Print nothing but the lines below starting at the line that holds "Hoge kast met" and ending at the line that holds "AUW Long Sleeve", including both, each exactly as written.

Material to process START

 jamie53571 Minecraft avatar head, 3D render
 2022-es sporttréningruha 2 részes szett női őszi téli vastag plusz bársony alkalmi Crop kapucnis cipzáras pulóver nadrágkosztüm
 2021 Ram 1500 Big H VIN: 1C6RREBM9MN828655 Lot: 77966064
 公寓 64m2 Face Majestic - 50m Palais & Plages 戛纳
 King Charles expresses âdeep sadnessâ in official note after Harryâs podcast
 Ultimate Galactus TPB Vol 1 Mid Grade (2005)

Material to process END
Material to process START

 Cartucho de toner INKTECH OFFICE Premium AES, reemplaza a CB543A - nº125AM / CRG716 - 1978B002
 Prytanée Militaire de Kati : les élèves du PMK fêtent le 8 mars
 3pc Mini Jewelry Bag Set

Material to process END
Material to process START

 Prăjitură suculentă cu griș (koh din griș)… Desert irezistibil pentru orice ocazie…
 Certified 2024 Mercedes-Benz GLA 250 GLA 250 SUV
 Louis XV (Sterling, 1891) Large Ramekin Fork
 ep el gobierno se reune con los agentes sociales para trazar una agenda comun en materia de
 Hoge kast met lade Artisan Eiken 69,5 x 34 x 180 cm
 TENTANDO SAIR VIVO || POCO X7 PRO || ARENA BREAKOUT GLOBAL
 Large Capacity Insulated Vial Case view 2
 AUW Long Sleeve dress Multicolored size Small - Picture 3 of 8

Material to process END

Exercise output:
 Hoge kast met lade Artisan Eiken 69,5 x 34 x 180 cm
 TENTANDO SAIR VIVO || POCO X7 PRO || ARENA BREAKOUT GLOBAL
 Large Capacity Insulated Vial Case view 2
 AUW Long Sleeve dress Multicolored size Small - Picture 3 of 8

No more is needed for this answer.